A variety of specific recommendations can therefore be made. Healthcare organizations and providers should adopt principles of both patient centeredness and cultural competence jointly, so that services are aligned to meet the needs of all patients, including people of color and other disadvantaged groups, whose needs and preferences may be overshadowed by those of the majority. Wellness services researchers should develop measures of cultural competence and patient centeredness and explore the bear upon of their unique and overlapping components on patient outcomes. Medical educators should partner with social scientists, anthropologists and researchers to develop and evaluate educational programs to improve the patient centeredness and cultural competence of health professionals. Those responsible for ensuring health organization quality should employ measurement of both patient centeredness and cultural competence as part of the process of delivering high-quality care. Finally, all patients should take advantage of every opportunity to provide feedback (due east.g., participate in surveys and focus groups) to improve the design and evaluation of healthcare systems that reverberate patients' diverse needs and preferences.

ACKNOWLEDGEMENTS

The authors would like to thank Dr. Anne Beal of The Republic Fund for her back up and guidance of this projection.

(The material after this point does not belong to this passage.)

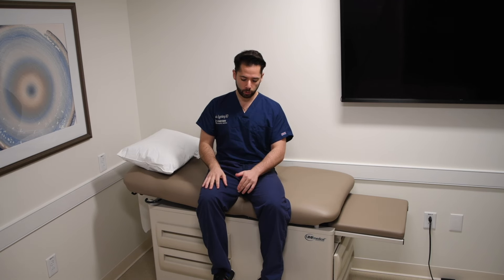The things you do want to do after ankle surgery: you want to work on curling the toes inside the cast, splint, or whatever you have on, to help with the blood flow to that area.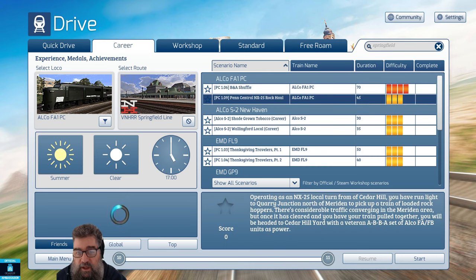Then you've got NX25 Rock Hall — you're operating as a local turn from Cedar Hill, running light engines to a quarry junction north of Meriden to pick up a train of loaded rock hoppers. There's considerable traffic in the Meriden area, so expect a bit of fun.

Financial support: This study was supported by The Democracy Fund, a New York City-based individual, independent foundation. Dr. Saha was supported by an Advanced Research Career Development Award from the Health Services Enquiry and Development Service of the Department of Veterans Affairs. Drs. Saha and Beach were supported by Generalist Doc Faculty Scholar Awards from the Robert Wood Johnson Foundation. Dr. Cooper was supported by the National Middle Lung and Blood Institute (grant #K24HL083113). The views expressed in this paper are those of the authors and not necessarily those of The Commonwealth Fund, the Department of Veterans Affairs, the National Institutes of Health or the Robert Wood Johnson Foundation.